### YOUR INSTRUCTIONS
Would you quote the material below from its first line through the line containing "Sailor Moon Réplica", exactly and with both ends included?

<<<<

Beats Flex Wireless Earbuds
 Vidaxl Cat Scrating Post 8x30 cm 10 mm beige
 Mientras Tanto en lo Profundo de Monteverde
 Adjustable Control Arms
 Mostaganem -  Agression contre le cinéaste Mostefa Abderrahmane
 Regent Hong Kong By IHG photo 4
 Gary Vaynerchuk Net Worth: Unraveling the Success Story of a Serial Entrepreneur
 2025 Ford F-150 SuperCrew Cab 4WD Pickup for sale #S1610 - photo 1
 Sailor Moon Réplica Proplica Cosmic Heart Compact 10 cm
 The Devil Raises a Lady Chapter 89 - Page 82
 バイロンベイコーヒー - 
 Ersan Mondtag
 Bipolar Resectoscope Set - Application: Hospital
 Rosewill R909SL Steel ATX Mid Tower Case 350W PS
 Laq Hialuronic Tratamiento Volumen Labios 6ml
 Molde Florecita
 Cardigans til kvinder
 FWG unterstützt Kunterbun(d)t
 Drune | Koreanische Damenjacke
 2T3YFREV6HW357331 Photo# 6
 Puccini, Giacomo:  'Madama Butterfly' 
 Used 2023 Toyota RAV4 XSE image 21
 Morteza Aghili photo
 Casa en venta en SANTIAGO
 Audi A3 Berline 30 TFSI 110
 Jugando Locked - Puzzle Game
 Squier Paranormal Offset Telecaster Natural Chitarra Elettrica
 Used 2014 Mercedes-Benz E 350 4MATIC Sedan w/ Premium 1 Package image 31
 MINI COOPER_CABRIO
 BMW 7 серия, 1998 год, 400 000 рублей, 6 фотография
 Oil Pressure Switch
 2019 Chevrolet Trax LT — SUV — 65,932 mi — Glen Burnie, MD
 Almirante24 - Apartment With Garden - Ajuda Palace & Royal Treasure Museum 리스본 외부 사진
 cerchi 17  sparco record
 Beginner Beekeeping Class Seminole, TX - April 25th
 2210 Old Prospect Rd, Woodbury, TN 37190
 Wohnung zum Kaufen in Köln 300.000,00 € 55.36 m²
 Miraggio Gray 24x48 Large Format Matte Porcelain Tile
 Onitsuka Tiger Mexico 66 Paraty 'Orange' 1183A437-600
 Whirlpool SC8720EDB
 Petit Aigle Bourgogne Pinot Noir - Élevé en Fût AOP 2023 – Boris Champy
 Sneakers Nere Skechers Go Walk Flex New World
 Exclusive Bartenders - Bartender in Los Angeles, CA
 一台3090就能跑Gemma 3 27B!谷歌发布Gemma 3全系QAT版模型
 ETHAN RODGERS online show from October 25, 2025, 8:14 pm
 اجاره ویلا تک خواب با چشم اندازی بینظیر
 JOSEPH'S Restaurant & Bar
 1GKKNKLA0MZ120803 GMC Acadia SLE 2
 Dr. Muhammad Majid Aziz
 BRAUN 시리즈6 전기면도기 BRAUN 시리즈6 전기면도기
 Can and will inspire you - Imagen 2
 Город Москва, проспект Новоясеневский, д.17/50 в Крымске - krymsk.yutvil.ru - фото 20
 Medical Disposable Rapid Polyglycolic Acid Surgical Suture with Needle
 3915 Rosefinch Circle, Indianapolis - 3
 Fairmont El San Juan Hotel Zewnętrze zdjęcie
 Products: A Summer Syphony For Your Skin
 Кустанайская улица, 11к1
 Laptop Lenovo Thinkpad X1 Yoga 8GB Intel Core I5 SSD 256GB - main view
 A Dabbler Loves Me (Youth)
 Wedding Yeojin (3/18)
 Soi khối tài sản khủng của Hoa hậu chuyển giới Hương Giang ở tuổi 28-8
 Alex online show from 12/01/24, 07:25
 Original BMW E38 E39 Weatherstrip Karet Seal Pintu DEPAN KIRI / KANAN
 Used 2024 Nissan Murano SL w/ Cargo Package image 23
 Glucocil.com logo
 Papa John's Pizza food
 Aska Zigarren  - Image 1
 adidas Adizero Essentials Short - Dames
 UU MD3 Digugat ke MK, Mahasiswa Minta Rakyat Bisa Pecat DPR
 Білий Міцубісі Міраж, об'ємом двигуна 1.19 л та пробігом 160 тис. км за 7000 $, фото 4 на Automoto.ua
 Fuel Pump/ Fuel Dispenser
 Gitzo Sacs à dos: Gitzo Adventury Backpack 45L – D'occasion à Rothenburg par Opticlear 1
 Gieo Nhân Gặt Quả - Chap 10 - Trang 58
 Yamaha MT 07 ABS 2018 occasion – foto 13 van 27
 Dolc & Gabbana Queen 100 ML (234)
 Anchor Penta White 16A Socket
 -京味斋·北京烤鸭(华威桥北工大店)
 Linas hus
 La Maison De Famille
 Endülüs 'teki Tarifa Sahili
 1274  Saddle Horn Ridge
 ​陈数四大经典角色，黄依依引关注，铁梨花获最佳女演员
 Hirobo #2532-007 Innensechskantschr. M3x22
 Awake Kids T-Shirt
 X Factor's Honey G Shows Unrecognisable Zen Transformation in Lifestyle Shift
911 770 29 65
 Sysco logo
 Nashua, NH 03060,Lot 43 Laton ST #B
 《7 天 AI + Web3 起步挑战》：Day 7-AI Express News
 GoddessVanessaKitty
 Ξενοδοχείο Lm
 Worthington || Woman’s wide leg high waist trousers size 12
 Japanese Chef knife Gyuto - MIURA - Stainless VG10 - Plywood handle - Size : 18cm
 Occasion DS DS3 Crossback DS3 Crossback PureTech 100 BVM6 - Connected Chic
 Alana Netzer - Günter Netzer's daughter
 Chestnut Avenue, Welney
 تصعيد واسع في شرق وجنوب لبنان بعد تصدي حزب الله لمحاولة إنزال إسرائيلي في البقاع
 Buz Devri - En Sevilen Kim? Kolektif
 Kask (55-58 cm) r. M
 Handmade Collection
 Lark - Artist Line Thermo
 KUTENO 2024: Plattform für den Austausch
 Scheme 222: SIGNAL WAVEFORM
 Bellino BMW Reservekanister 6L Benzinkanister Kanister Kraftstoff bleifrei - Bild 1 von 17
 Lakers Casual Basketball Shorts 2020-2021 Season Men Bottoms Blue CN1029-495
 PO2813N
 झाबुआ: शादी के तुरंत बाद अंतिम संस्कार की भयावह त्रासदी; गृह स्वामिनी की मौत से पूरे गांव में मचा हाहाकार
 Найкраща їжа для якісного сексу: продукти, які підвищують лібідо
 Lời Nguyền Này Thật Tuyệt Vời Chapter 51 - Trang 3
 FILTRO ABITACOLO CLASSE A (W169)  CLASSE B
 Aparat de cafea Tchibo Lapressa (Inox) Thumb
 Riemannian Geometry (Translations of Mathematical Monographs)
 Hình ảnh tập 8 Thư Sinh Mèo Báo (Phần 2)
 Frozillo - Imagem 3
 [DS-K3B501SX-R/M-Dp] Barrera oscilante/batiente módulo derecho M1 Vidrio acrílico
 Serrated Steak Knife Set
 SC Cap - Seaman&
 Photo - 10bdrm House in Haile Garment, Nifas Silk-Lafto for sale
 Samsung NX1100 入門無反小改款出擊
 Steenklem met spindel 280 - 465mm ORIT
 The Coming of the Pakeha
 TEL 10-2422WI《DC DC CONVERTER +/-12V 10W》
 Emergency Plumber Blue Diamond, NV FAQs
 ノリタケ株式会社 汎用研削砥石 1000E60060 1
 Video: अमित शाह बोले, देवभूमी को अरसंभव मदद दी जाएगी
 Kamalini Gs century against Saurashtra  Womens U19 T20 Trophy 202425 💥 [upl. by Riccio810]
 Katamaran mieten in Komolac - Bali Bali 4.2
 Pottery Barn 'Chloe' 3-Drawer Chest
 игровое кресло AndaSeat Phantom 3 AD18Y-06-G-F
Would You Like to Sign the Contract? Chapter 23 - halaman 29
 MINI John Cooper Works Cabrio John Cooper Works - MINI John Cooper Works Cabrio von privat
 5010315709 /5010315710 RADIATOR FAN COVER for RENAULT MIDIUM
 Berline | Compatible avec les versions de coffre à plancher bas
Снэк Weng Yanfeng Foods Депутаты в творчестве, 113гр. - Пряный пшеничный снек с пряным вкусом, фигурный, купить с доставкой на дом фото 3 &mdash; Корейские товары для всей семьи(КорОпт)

>>>>

### YOUR RESPONSE
Beats Flex Wireless Earbuds
 Vidaxl Cat Scrating Post 8x30 cm 10 mm beige
 Mientras Tanto en lo Profundo de Monteverde
 Adjustable Control Arms
 Mostaganem -  Agression contre le cinéaste Mostefa Abderrahmane
 Regent Hong Kong By IHG photo 4
 Gary Vaynerchuk Net Worth: Unraveling the Success Story of a Serial Entrepreneur
 2025 Ford F-150 SuperCrew Cab 4WD Pickup for sale #S1610 - photo 1
 Sailor Moon Réplica Proplica Cosmic Heart Compact 10 cm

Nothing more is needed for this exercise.